SK Telecom’s decision to push ahead with UWB deployment highlights the new world of complexity just waiting to be discovered as network edges gain more intelligence.
From a user experience perspective, interacting with the new generation of network participants that touch the personal area ‘cloud’ will give rise to a wide range of new interface modes. It will no longer be sufficient for your mobile device to be a great phone and a great camera – it will also need to be a great remote control, a great payment tool and countless other applications. This isn’t just about streaming films after all – UWB and other short range technologies provide a link to many aspects of the physical environment, from ticket booths to advertising billboards.
This is a hugely disruptive trend. That’s why we’ve made it one of our 10 manifesto points for the MEX conference:
“6. The world is gaining embedded intelligence. The mobile industry faces a fundamental user experience challenge to make handsets as effective as communicating with the environment as they are with other humans. We think the connection of millions of machines to wireless communication networks represents the most significant generational change since the introduction of packet data.”
The example above illustrates why everyone from media companies to network operators needs to start thinking about these issues today. The technology is seeping into the market and one day the industry will wake-up and find its customers are already enveloped in a short-area wireless cloud. The companies which can take responsibility for the user experience within that cloud will be the ones who command the largest share of the value.
Who that might be and how it could happen will be one of the questions we address at the MEX conference in May 2007.

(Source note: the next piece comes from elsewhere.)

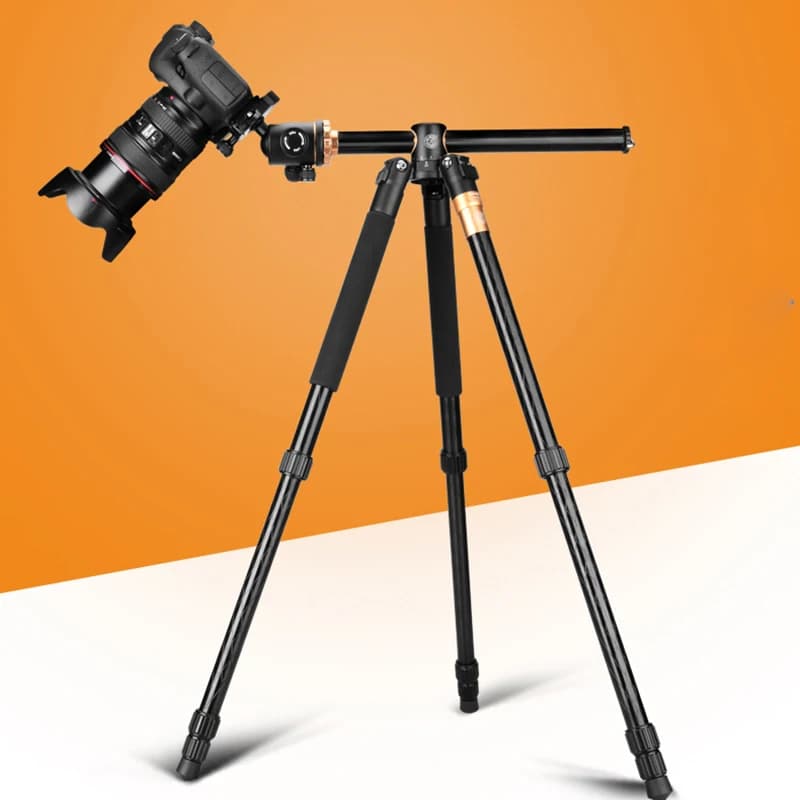 Treppiede per Fotocamera in Lega di Alluminio 1,89M per DSLR, Leggero e Portatile da Viaggio con Testa a Sfera Panoramica a 360 Gradi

Fantastic article and analysis. This is the beginning of a hugely disruptive trend. Its impossible to imagine all of the long-term implications as we sit here today but the article does a great job of touching on the obvious and some not so obvious ones. The DRM issue is a massive and tangled issue that won’t work itself out for a long time. But the short-term alternatives are the “walled garden” approach which seems to be working the best and simply moving video around at resolutions low enough so they don’t raise the ire of those that want it protected. HD is nice but for most of the real world usage models in the immediate future, simply having a bigger display than a cellphone provides is a huge benefit. Higher resolutions can come later when the DRM spaghetti works itself out.